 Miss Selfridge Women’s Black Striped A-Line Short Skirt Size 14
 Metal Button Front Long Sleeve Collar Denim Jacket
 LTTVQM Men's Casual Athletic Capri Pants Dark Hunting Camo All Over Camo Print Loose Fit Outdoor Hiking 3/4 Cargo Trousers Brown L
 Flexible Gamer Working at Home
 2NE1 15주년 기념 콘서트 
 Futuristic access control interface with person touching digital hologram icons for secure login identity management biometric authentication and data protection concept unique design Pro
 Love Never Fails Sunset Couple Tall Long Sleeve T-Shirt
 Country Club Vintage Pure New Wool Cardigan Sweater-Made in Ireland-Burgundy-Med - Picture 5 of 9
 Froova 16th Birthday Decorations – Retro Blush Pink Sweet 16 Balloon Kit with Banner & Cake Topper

☆ ☆ ☆ ☆ ☆

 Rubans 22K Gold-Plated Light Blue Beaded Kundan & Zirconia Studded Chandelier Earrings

☆ ☆ ☆ ☆ ☆

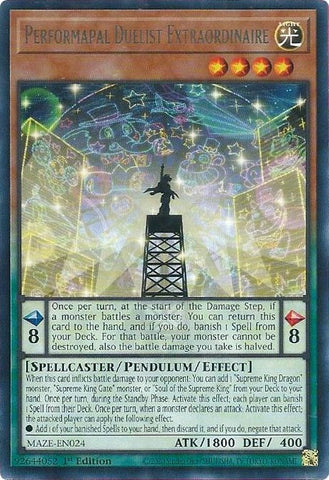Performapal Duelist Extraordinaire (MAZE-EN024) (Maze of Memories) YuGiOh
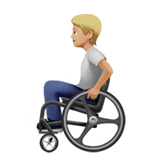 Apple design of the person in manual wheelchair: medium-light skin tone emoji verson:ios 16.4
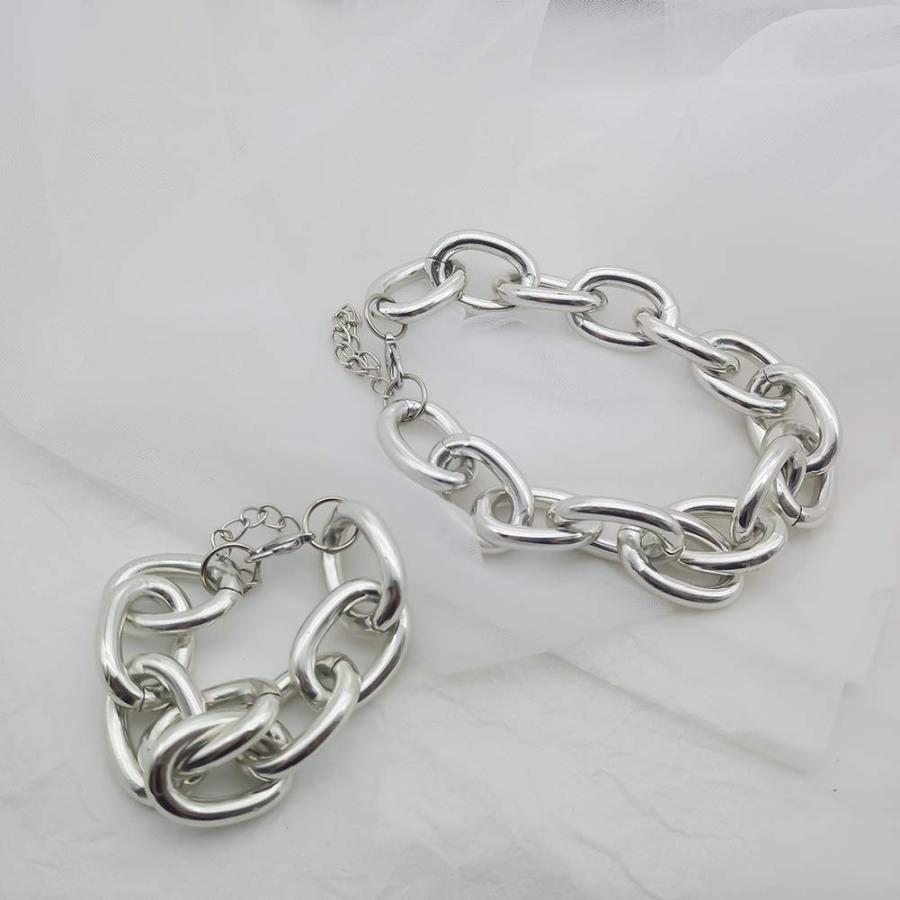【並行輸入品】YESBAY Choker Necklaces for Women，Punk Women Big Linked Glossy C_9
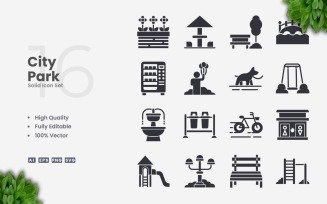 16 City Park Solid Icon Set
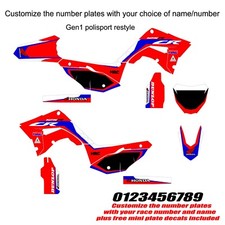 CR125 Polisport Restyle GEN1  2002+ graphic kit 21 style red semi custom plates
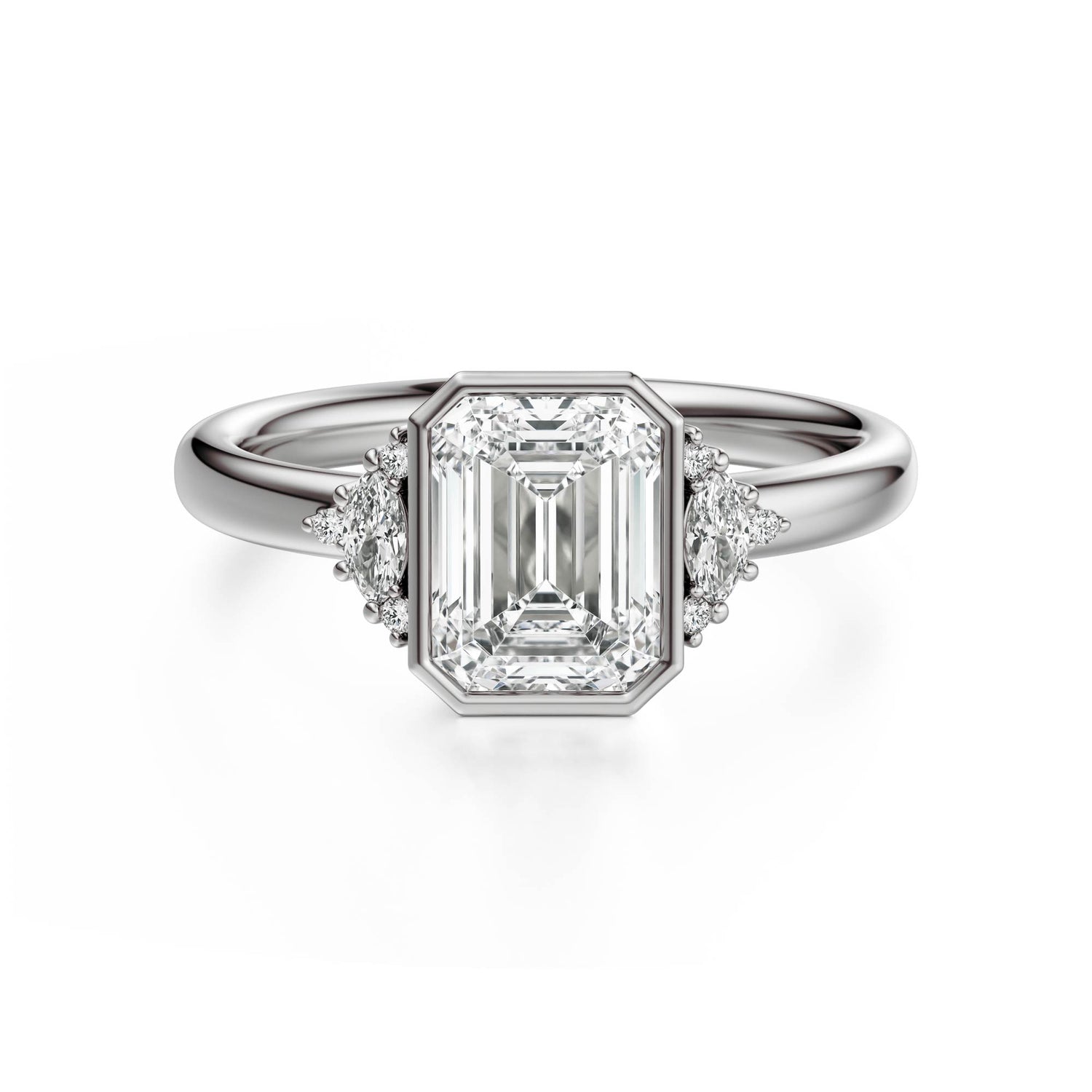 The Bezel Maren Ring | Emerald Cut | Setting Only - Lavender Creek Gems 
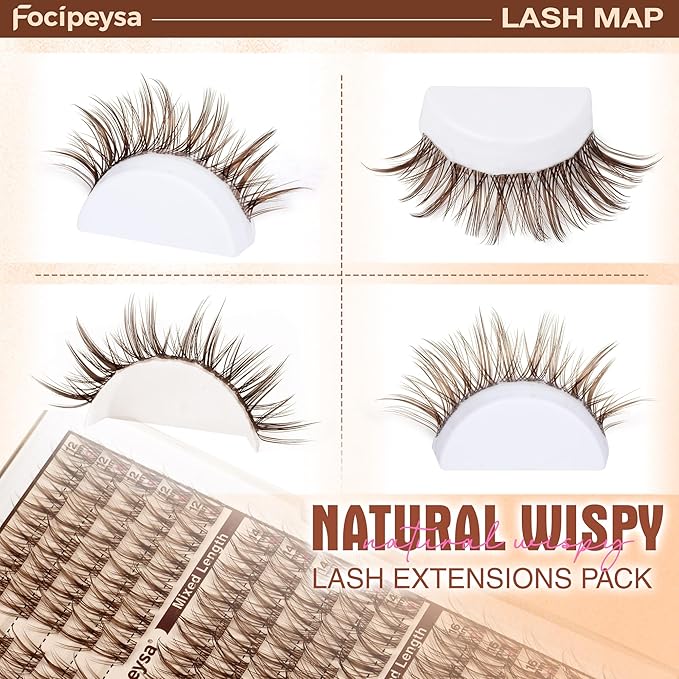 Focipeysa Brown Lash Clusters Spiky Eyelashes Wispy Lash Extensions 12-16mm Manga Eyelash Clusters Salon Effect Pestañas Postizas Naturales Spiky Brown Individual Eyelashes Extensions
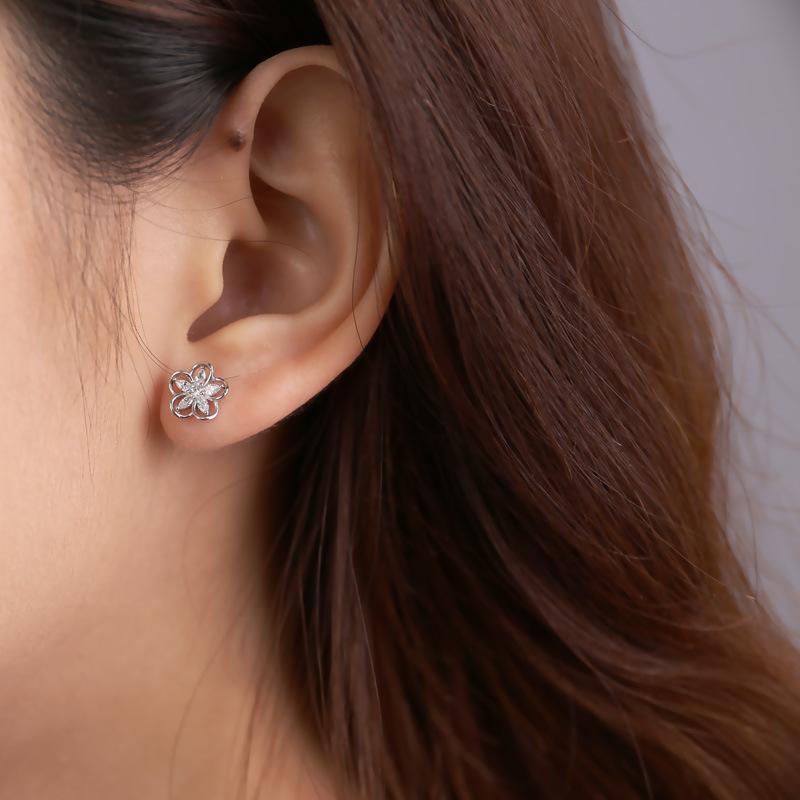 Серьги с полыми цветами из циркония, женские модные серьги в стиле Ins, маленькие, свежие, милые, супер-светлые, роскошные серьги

☆ ☆ ☆ ☆ ☆

### WHAT TO WORK ON:
What are the lines above, starting at the one with "2NE1 15주년 기념 콘서트" and ending at the one with "Froova 16th Birthday"? Give them again exactly, and only them.

### TASK RESPONSE:
 2NE1 15주년 기념 콘서트 
 Futuristic access control interface with person touching digital hologram icons for secure login identity management biometric authentication and data protection concept unique design Pro
 Love Never Fails Sunset Couple Tall Long Sleeve T-Shirt
 Country Club Vintage Pure New Wool Cardigan Sweater-Made in Ireland-Burgundy-Med - Picture 5 of 9
 Froova 16th Birthday Decorations – Retro Blush Pink Sweet 16 Balloon Kit with Banner & Cake Topper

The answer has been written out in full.